He smashed a towering cultural barrier, becoming the first Korean-born position player to step onto a Major League Baseball field.
Hee-seop Choi took the field for the Chicago Cubs in 2002, opening the door for every Korean position player who dreamed of the major leagues. Signed by the Cubs in 1999, his MLB career featured flashes of prodigious power, including a 2005 season with the Los Angeles Dodgers where he hit 15 home runs. Injuries and the challenge of adjustment shaped a nomadic path. After returning to the KBO, he won a championship with the Kia Tigers. Choi retired as a pivotal figure in the globalization of baseball, his journey defined by quiet determination and a powerful swing.
1965–1980
The latchkey kids. Raised during divorce, recession, and the end of the Cold War. Skeptical, self-reliant, media-literate. They invented indie culture, grunge, and the early internet — then watched the Boomers take credit.

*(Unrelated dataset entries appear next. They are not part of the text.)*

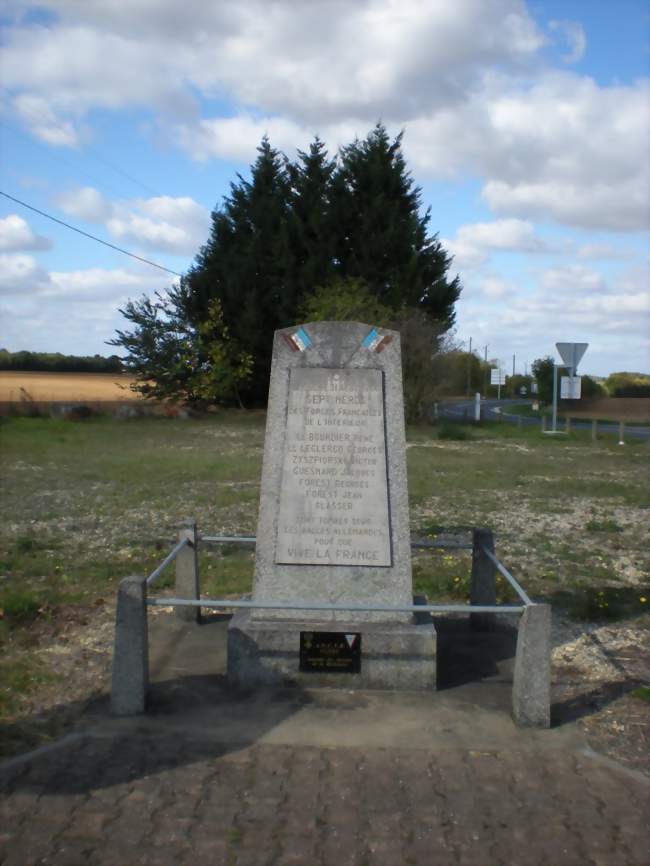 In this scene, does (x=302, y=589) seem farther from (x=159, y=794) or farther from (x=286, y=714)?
(x=159, y=794)

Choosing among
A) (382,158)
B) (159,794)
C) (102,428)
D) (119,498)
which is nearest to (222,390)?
(102,428)

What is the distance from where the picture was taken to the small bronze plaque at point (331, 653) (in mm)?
5453

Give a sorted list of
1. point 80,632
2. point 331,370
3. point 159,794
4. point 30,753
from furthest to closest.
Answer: point 80,632 < point 331,370 < point 30,753 < point 159,794

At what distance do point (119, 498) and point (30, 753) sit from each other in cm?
986

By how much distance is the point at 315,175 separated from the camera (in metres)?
41.3

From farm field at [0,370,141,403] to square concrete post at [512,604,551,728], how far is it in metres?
31.4

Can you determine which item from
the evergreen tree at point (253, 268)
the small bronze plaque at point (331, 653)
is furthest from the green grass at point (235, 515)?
the evergreen tree at point (253, 268)

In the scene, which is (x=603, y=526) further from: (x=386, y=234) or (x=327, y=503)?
(x=386, y=234)

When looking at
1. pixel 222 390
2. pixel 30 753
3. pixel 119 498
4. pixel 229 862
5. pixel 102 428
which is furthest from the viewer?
pixel 222 390

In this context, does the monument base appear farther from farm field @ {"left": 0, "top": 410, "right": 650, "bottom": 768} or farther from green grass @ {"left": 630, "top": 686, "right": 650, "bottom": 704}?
green grass @ {"left": 630, "top": 686, "right": 650, "bottom": 704}

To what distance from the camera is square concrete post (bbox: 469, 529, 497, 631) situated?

Hee-seop was born in 1979, placing them squarely in the Generation X. The events that shaped this generation — economic uncertainty, the end of the Cold War, and the rise of personal computing — shaped the world they entered and the choices available to them.
The biggest hits of 1979
#1 Movie
Kramer vs. Kramer
Best Picture
Kramer vs. Kramer
#1 TV Show
Laverne & Shirley
The world at every milestone
Iran hostage crisis begins; Three Mile Island accident
Apple Macintosh introduced
LA riots after Rodney King verdict
Oklahoma City bombing; Windows 95 released
Princess Diana dies in Paris car crash; Harry Potter published
Y2K passes without incident; contested Bush-Gore election
Michael Jackson dies; Bitcoin created
First image of a black hole; Hong Kong protests
He was traded from the Cubs to the Marlins in 2004 for a player to be named later, who turned out to be All-Star first baseman Derrek Lee.
Choi's first major league hit was a home run off future Hall of Famer Randy Johnson.
He is known for his exceptionally tall stature for a Korean player of his era, standing 6'5".
After retirement, he served as a coach for the South Korean national baseball team.
“A home run feels the same whether you hit it in Seoul or Chicago.”